My heart sped up in synchrony with her deliberate yet gentle placement of the phone back in its cradle. And as she turned…

[Ohhell Idon’teven knowwheretobegin, what am I here for. Does thisshit ever stop, do I get a reprieve from these thoughts?]

She spun around in her chair and turned on that smile, that tractor beam of an expression – peering over her slight glasses – and in the vacuum of her presence my problems, my concerns and my fear began to vanish. Regardless, she had sucked them all up, whisked them away, absorbed them, as if there was no way possible for them to escape the grandiosity of whom she knew I was, or at least of whom she knew I was capable of being.

I began vomiting words of despair, of frustration, of resignation, “I don’t understand why this monologue in my head is so nasty all the time.
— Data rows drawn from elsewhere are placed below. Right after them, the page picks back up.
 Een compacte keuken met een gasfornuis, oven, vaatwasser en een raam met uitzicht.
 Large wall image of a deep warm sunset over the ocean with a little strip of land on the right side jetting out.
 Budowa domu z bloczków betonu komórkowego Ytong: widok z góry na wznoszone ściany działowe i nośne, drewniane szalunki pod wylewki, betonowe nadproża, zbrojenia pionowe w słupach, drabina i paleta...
It just says the most horrible things about myself and about others. I hate this person, I can’t stand that person, I’m never happy with my accomplishments and am angry with myself, I’m ugly, and this person just pushed me on the subway on my way here and now it’s attacking them.” She just smiled kindly and emphatically nodded as I innocently asked her, “When is it going to stop?”

Her deep chuckle of recognition almost knocked me over, as she looked lovingly, warmly and then brassily said to me, “HON, oh that’s never gonna stop! You’re adorable, you know the only difference between you and me is that I’ve been doing this for 20 years.”
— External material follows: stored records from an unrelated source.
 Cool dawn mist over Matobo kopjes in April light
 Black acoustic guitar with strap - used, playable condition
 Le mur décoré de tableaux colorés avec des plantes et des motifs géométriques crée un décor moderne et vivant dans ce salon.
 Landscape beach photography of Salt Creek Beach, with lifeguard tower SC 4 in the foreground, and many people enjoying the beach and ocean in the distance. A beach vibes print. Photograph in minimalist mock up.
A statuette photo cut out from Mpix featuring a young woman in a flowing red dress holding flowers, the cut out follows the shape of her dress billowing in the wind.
I gulped and looked at her in mild horror as I thought – Oh god! I was calm yet terrified at the prospect of dealing with these nasty thoughts for the rest of my life.

She continued with her characteristic nod punctuated by profoundly wise statements of encouragement and love, “You just need to go make a difference with someone ELSE. Everything is gonna work out.”

Her immense personality matched only by the size of her love for humanity, she could part the Red Sea if she desired. However, her gift was imminently more impressive, as I sat at her desk and experienced it firsthand, a woman who could enkindle being in another, which occurred solely by the power of the way she listened to others.